この願いが出された七年後に、幕府から、いろいろな条件をつけたうえで、許可が下りました。あまり寄り道はしたくないのですが、「いろいろな条件」のなかでひとつだけ、とても面白いのがあるのでご紹介します。それは、″太夫三人を奉行所の式日ごとに奉仕に出すこと″です。これは、当番の太夫が奉行所に出向いて、琴や三味線の演奏をしたり、お茶の給仕をつとめることです。太夫というのは、容貌が人並み優れていて、諸芸にも堪能で「百人が中を十人にすぐり、十人の中より一人えらみ出すほどならでは太夫とはいひがたし」といわれたほどの、とび抜けて優れた遊女に与えられる尊称でした。奉行所に勤めるお役人たちの、取ってつけたような渋面から、あこがれの太夫を間近に見たいという可愛らしい本音が透けて見えるようですね。おのずとほほえましい光景が浮かんできます。

そのころの大見世の高級花魁は、歌舞音曲はもちろんのこと、話術に長け、生け花、茶の湯、書道、歌道、香道などの教養があって、その品格や教養などは、一般の女性が及ぶところではなかったようです。ちなみに香道とは、日本の伝統的な芸道で、一定の作法のもとに香木を焚き、立ち上る香りを鑑賞するものです。

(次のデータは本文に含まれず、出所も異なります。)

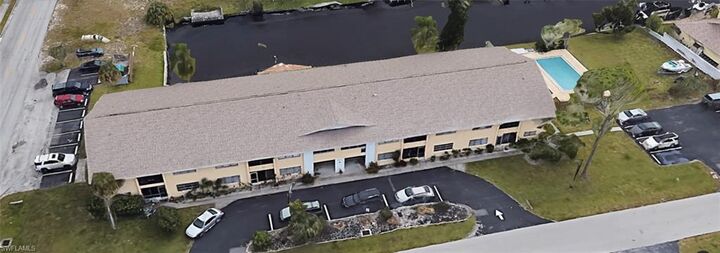 Property Photo: 4901 Victoria Dr 205 FL 33904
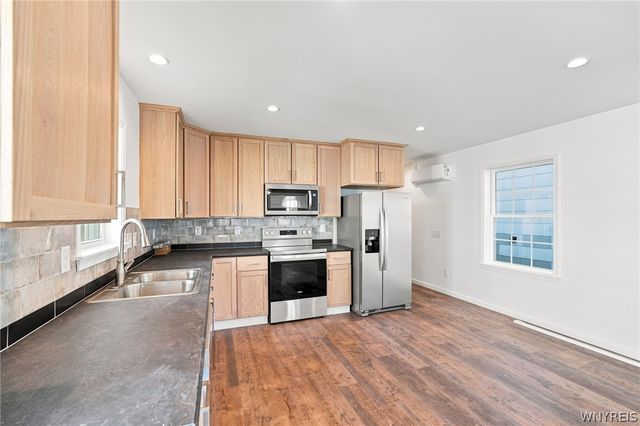 383 14th Street, Buffalo, NY 14213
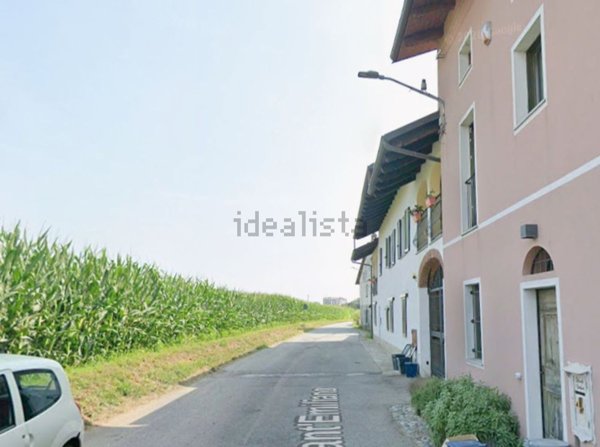 casa indipendente in vendita a Livorno Ferraris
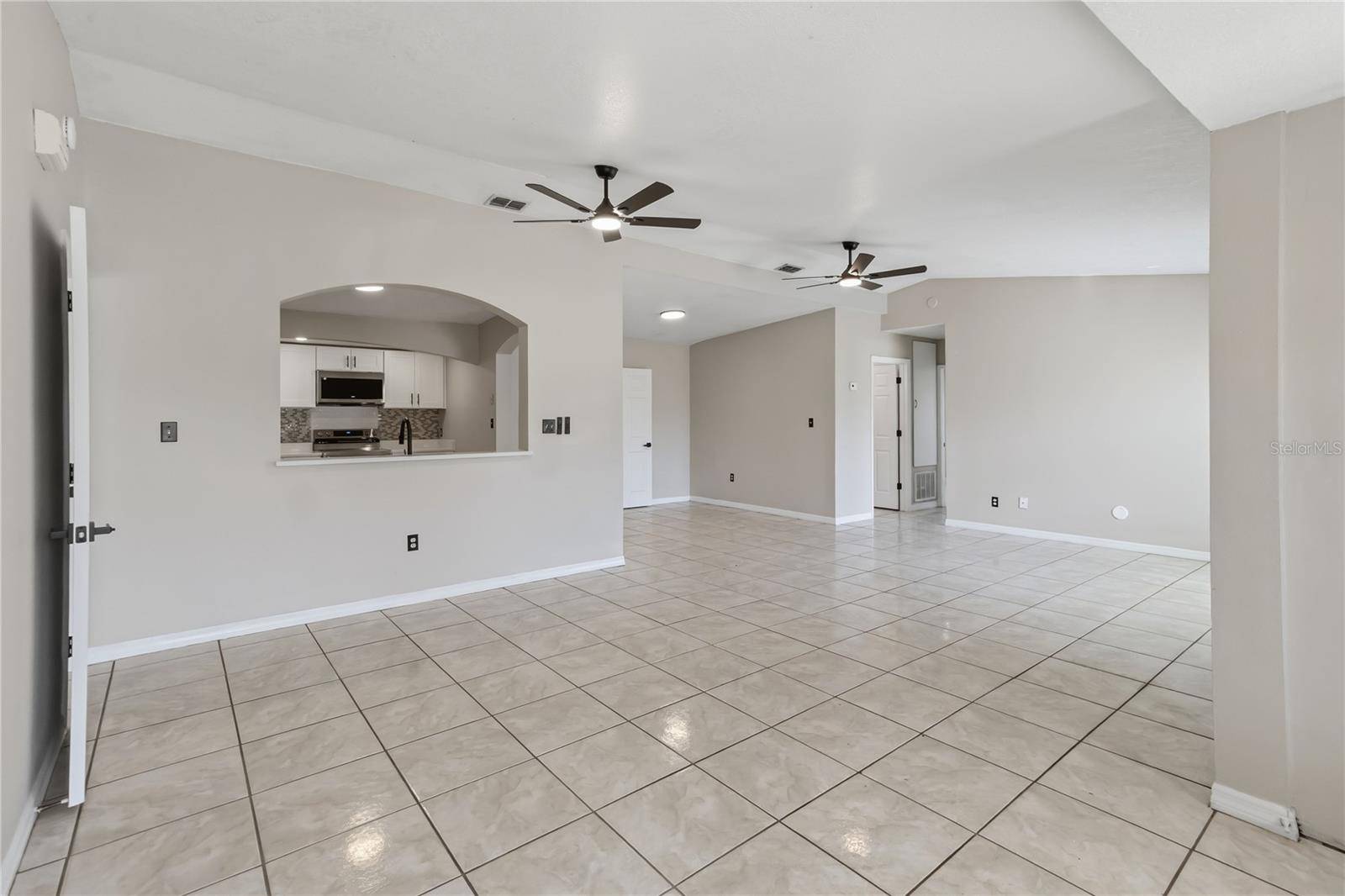 4870 LAKE CECILE DR, Kissimmee, FL 34746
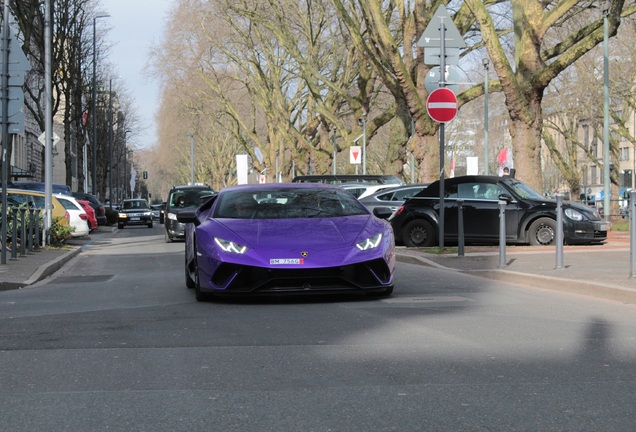 Lamborghini Huracán LP640-4 Performante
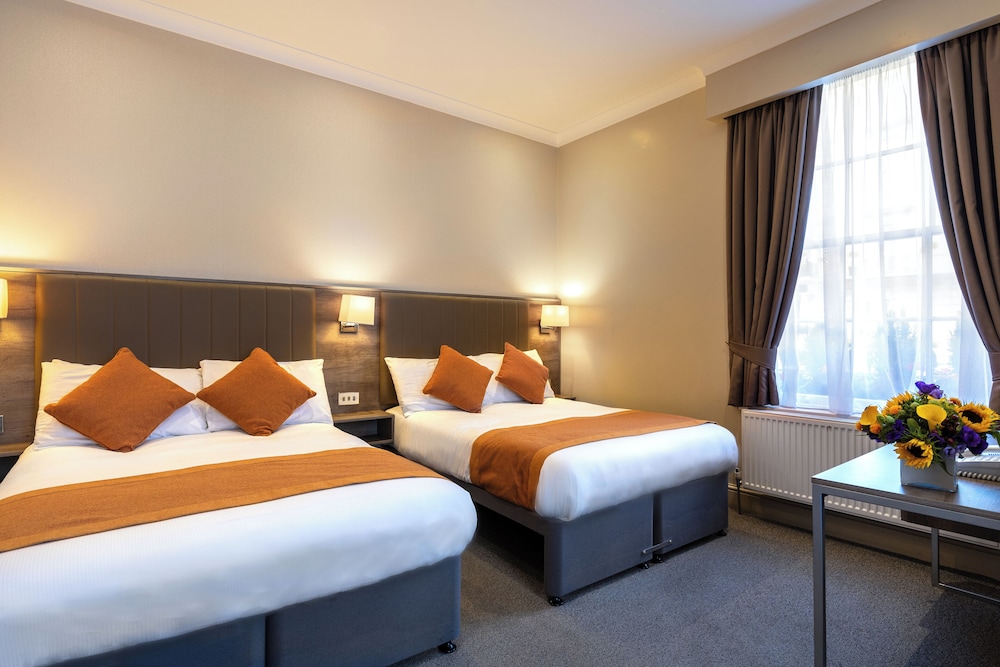 Sidney Hotel 8/44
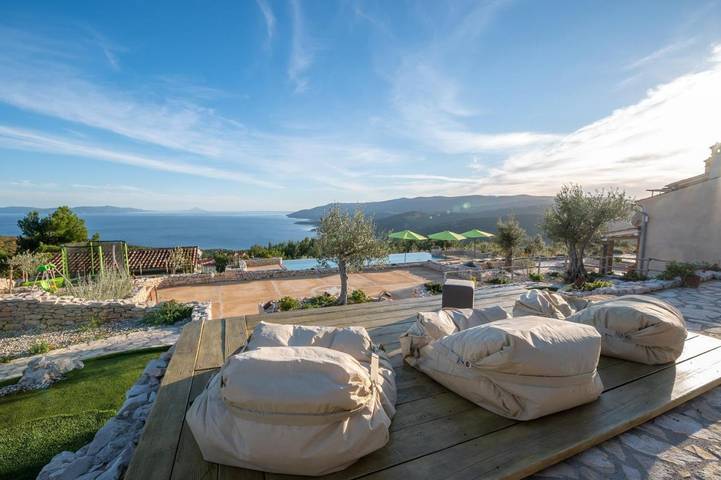 Chalet para 20 personas, con jardín además de vistas y piscina, Se admiten mascotas - 1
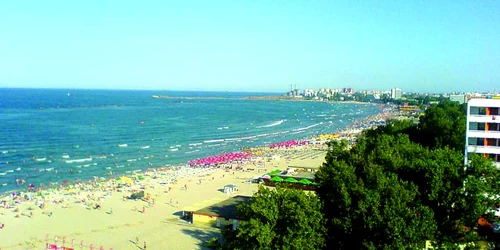 Hunedoara: Tichetul de vacanţă duce la mare doar funcţionari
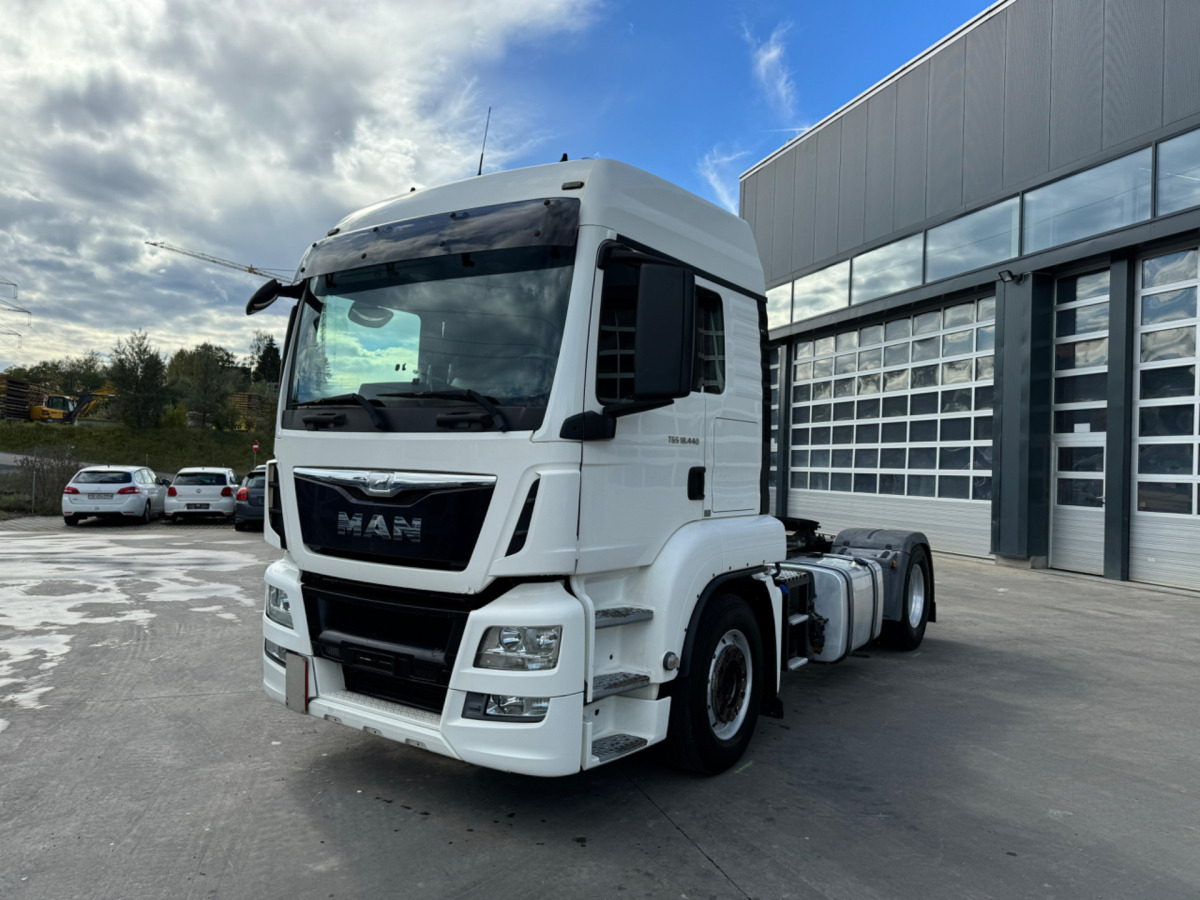MAN TGS 18.440 4x2 ADR - Nyergesvontató: 1 kép. MAN TGS 18.440 4x2 ADR - Nyergesvontató: 1 kép.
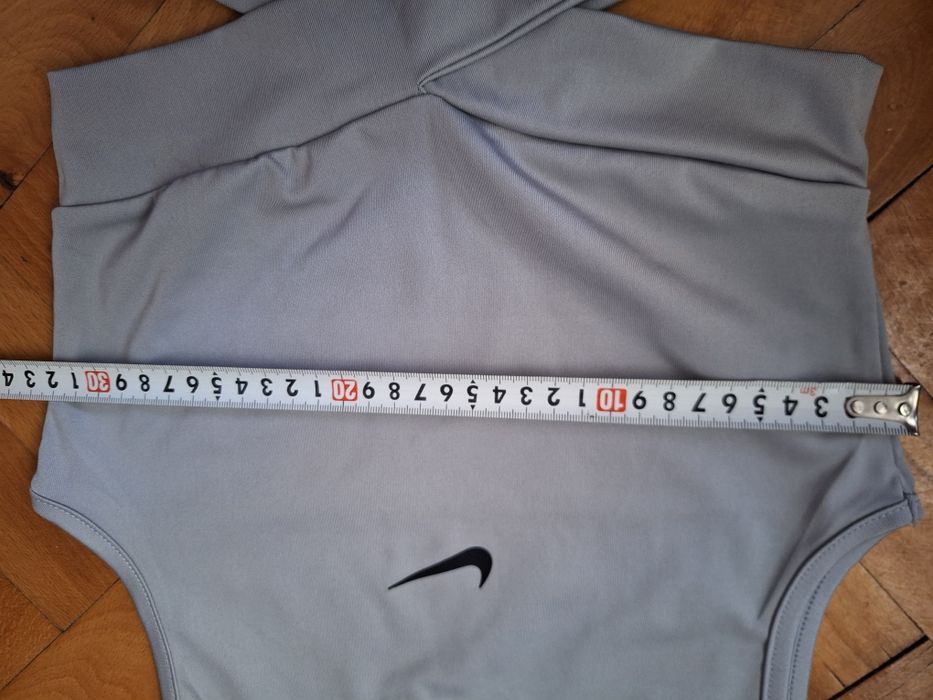 Дамски тениски и потници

また大見世には、江戸時代から″初会(しょかい)″″裏を返す″″馴染み″というしきたりがありました。″初会″というのは、お客が紹介者に連れられてこられた初めての日のことで、お客は芸者衆や幇間をあげて花魁の本部屋で遊びますが、寝所にまで入ることはなくそのまま帰ります。二度目を″裏を返す″と言い、初会と同じことをしてやはりそのまま帰ります。三度目ではじめて″馴染み″となって寝所に入ります。「惚れ」の機微を大切にしたのでしょう。高級花魁は、いわゆる娼婦とはかなりイメージが違う存在のようです。奉行所のお役人たちが、太夫を高嶺の花と見て無邪気に憧れた気持ちがそれなりに分かる気がします。

むろん太夫にとっても、奉行所出仕は大変に名誉なことだったので、当番に当たった前の晩は客を辞退し、翌日のお点前(てまえ)に使うためのお茶を挽きました。ここから転じて、遊女が客をとれないでいることを「お茶を引く」というようになったそうです。太夫は太夫なりに誠を尽くしたのですね。

さて、ずいぶん回り道をしたようです。遊廓設置の許可と同時に幕府から与えられた土地は、現在の日本橋堀留一丁目あたりの、葭(よし)や葦(あし)の茂る一面の湿地帯でした(一五九〇年、徳川家康が豊臣秀吉に江戸への転封を命じられて、江戸にたどり着いたとき、江戸全体が広大な湿地帯でした)。そこに続々と江戸の遊女屋が集まり、遊女屋一七軒、揚屋(あげや。引手茶屋の前身。客が遊女を呼んで遊んだ所)二四軒の遊廓ができあがりました。そこいら一帯は、葭の繁る土地であることから、″葭原″と名付けられ、縁起をかついで″葭″を″吉″に替え″吉原″となったそうです。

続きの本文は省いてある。